POULSBO — Though being a Poor Clare Nun prohibits her from having material possessions, Abbess Gloria-Mary Goller does own one great treasure. A legacy.

POULSBO — Though being a Poor Clare Nun prohibits her from having material possessions, Abbess Gloria-Mary Goller does own one great treasure.

A legacy.

The founder of The Little Sister of St. Clare, the first-ever order of its kind in the United States affiliated with the Episcopal Church, Goller dreams of someday founding chapters throughout the nation. The contemplative order, she commented, has a definite role to play in the world and she is thankful each day to have been able to bring it into being.

“I’m going to leave the sisters one day but I will leave them with my dream in so far as I have been able to conceive it,” Goller said.

Goller, who will be 90 in August, originally began the Little Sisters of St. Clare in 2002 on Bainbridge Island and the order moved to Poulsbo in 2004. The house of prayer off Viking Avenue is dedicated to the meditative spirit of St. Clare of Assisi, a Roman noblewoman who lived in the late 1100s and early 1200s and was a student of St. Francis of Assisi. She founded the Order of Poor Ladies, or Clares, which is the second order of St. Francis.

It was the teachings and principles of both Francis and Clare that inspired Goller, who first joined the Society of St. Francis in 1982. But when choosing to create an entirely new order through her own Episcopal church, Goller chose Clare as her guiding light and a standard of all-female membership rather than the St. Francis Society’s male and female membership.

“The reason I wanted to be just a women’s order was because I felt Clare had been neglected and tucked away, which was suitable for her age but not for our age,” Goller said.

Though the Little Sisters of St. Clare are sanctioned and recognized by the Episcopal Church, members may come from various religious and social backgrounds. The order acts as an umbrella to several different vows that require different levels of involvement and commitment. Poor Clare Extern nuns, like Goller, wear habits and a black veil similar to Catholic nuns and are held to vows of poverty, celibacy and obedience.
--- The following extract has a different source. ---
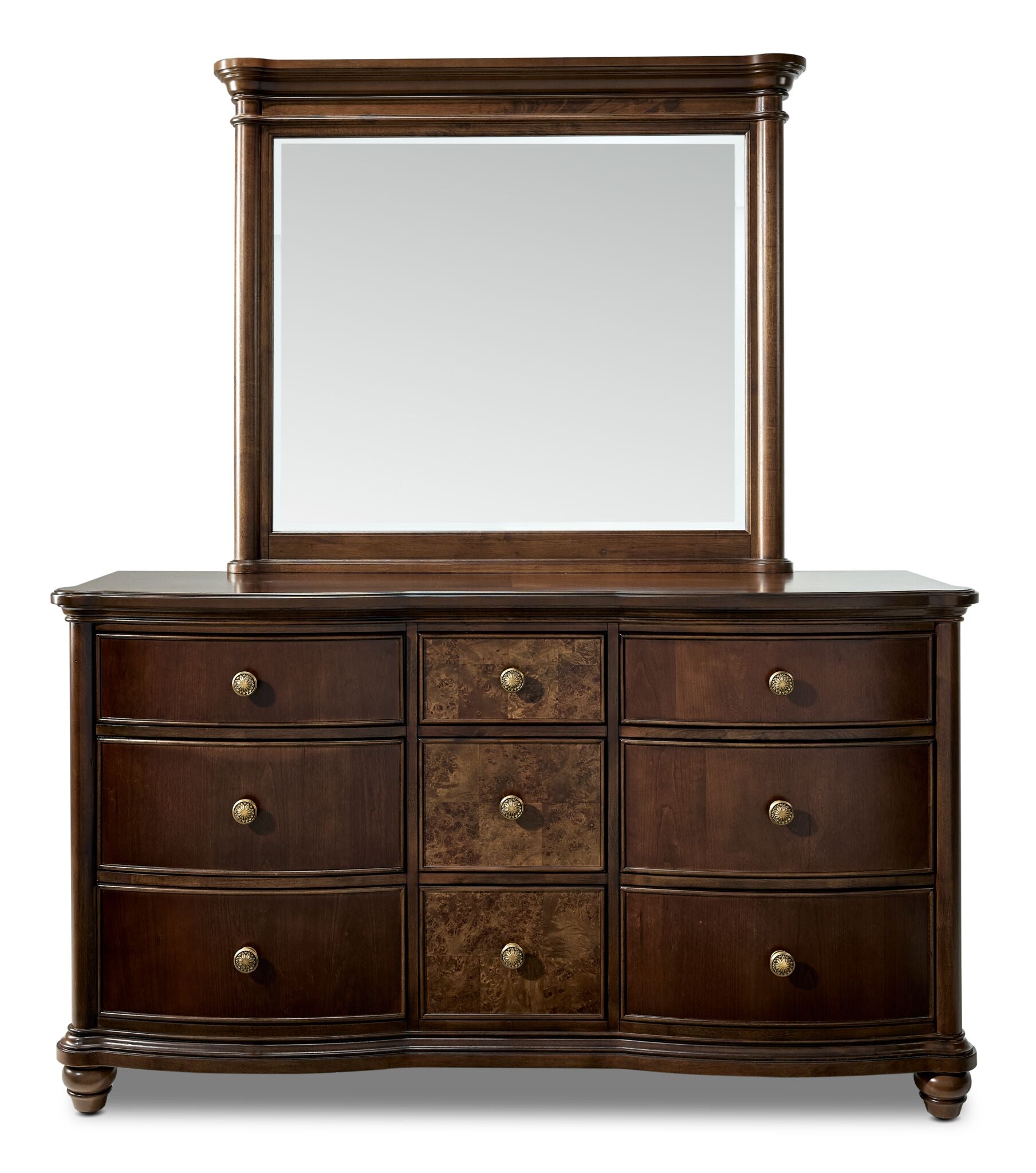 Florence 6-Drawer Dresser - Brown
On the other end, Companions like Tovi Paul-Andrews, who assisted Goller in founding the Little Sisters, wear brown jumpers, may be married and are members participating on an ecumenical level.

“(Participants can be) divorced, married, married three times,” Paul-Andrews commented. “It’s the search and the intent of their heart that’s important.”
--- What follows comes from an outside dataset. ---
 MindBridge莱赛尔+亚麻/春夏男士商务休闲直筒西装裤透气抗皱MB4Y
At the moment, the Little Sisters count among themselves 13 members, including five who took new steps in their vows last weekend, and they’re always looking for new sisters. Goller said the opportunity to participate on a greater level in church activities is what brings most women to the group.
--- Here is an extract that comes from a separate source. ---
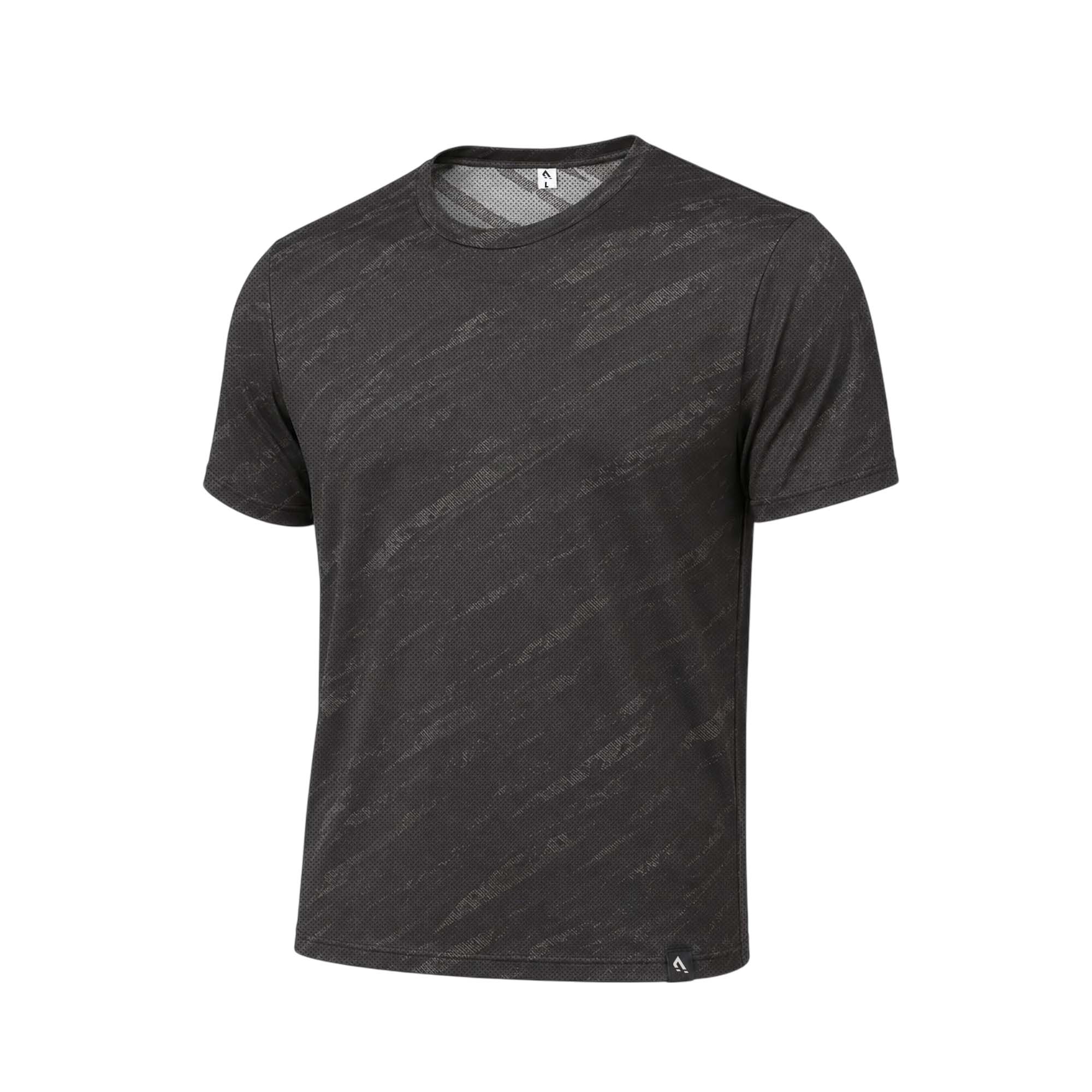 Pulse Mesh Tee - Black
“It varies with different people but I think they feel called to a deeper commitment to Christ on a sacrificial level and don’t quite know what to do with it,” Goller explained. “The church is so focused on ordination that they think if you aren’t going to be a priest, there’s nowhere to be.”

Members of the St. Clare order can be found at local churches including St. Luke in Sequim, St. Hilda and St. Patrick in Edmonds, St. Antony of Egypt in Silverdale and St. Barnabas on Bainbridge Island. Besides the daily prayer and meditation requirements of their offices and regular meetings at the House of Prayer, members also take part in their respective churches in capacities like serving on alter guilds, prayer chains and Bible study groups.

Paul-Andrews got involved with the Franciscan order about eight years ago by responding to an ad in a newspaper on Bainbridge Island. She said through the order, she’s learned to contemplate and meditate and to put her trust in God rather than in her own actions.

“There is a movement or more and more people to be more spiritually aware of the God presence in their lives and the Little Sisters has helped me find my vocation of prayer with and in that presence,” she commented.

Goller believes that her call to found the St. Clare ministry was born long before she was. Her grandfather was a Methodist minister and her grandmother became a minister in the congregational church and the Presbyterian church after his death. That ecumenical background, she commented, led her to feel the need to create an Episcopal home for women of all Christian backgrounds where they could pray to bring about good for their communities, their families and the world.

“It’s an amazing thing,” Goller said. “I feel amazed that through the grace of God I was able to found it. He’s helped me. I could never have done it without his grace — never in a million years. I face each day praying for his grace knowing I can’t get through this day otherwise.”